The research project CLUVA ‘Climate Change and Urban Vulnerability in Africa’ was launched in December 2010 and involves a multidisciplinary team of European and African scientists who investigate the preparedness and adaptive capacities of large African cities. CLUVA is part of a European Seventh Framework Program which aims are to at developing context-centered methods to assess vulnerability and to increase knowledge on managing climate related risks such as floods and sea level rise.
Important features for vulnerability assessment in CLUVA cities are the increasing severity of the physical damages, the shortcoming of social and technical infrastructure, the complexity of land management/market and the limited capacity of local institutions. Understanding vulnerability in this context implies highlighting and interlinking relevant indicators and/or perceptions encompassed in four main dimensions. The social, institutional, physical and attitudinal causes for the production of vulnerability. A combination of tools investigates how households and communities can resist and cope with, as well as recover from floods.

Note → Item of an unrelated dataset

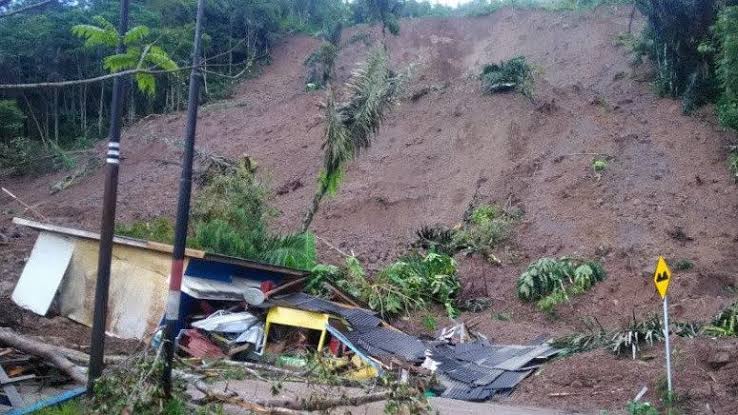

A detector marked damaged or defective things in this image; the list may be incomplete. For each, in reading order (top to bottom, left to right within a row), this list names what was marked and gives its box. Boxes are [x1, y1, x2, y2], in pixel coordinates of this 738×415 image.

broken wooden plank [0, 366, 24, 408]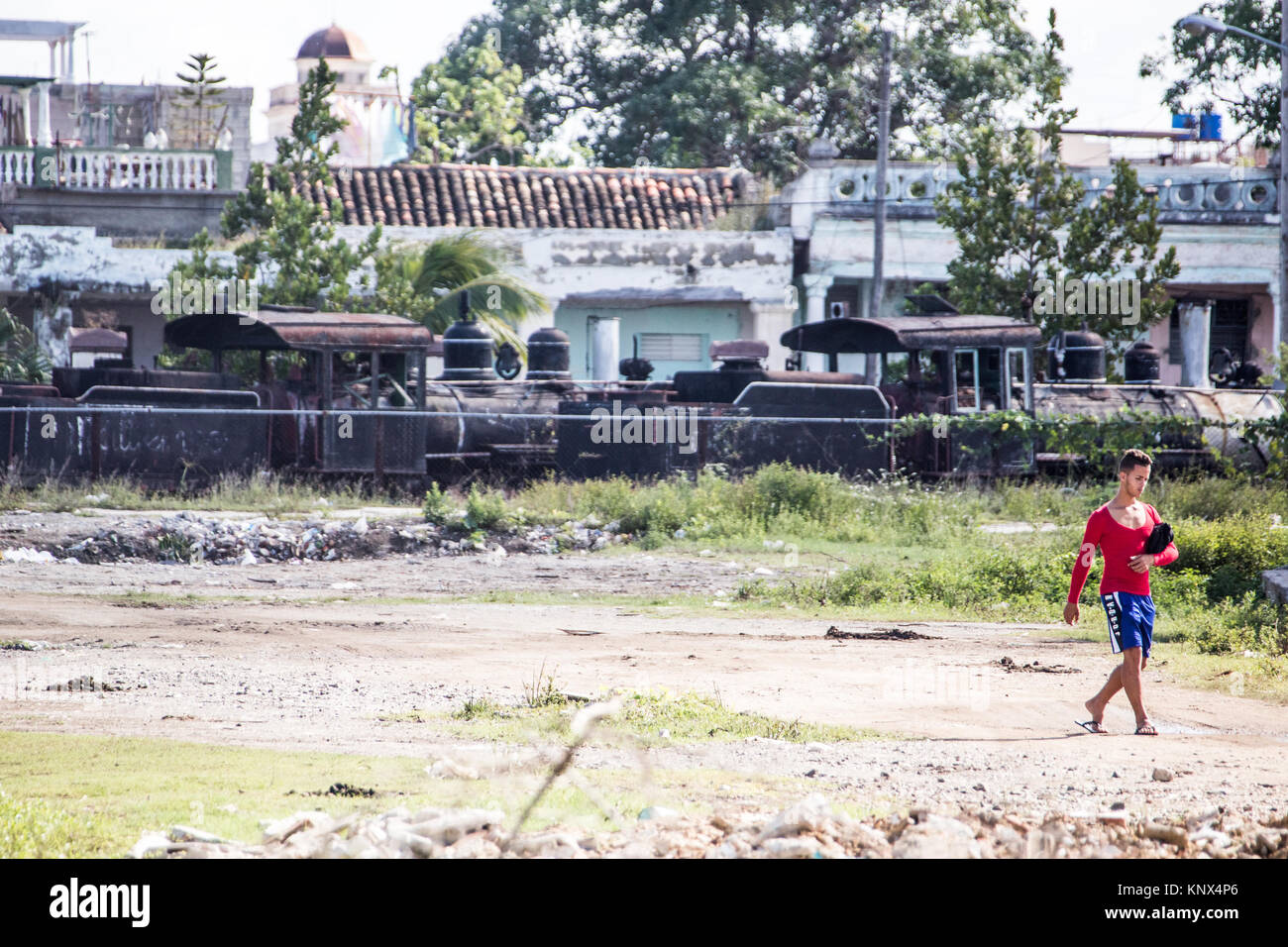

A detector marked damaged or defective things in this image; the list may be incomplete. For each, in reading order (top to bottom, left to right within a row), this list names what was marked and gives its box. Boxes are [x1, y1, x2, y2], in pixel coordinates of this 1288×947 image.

rusty locomotive [0, 303, 1276, 485]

In this paper we present the conceptual approach of our social-science analysis and first empirical research results from Dar es Salaam, Tanzania and Ouagadougou, Burkina Faso. Preliminary findings show that coping capacities are household-centric and encompass short term actions to conserve and consolidate individual assets. These actions occur through local social networks and, communities. Adaptive capacities and the effectiveness of long term recovering interventions are community-centric and involve a web of formal and informal institutions.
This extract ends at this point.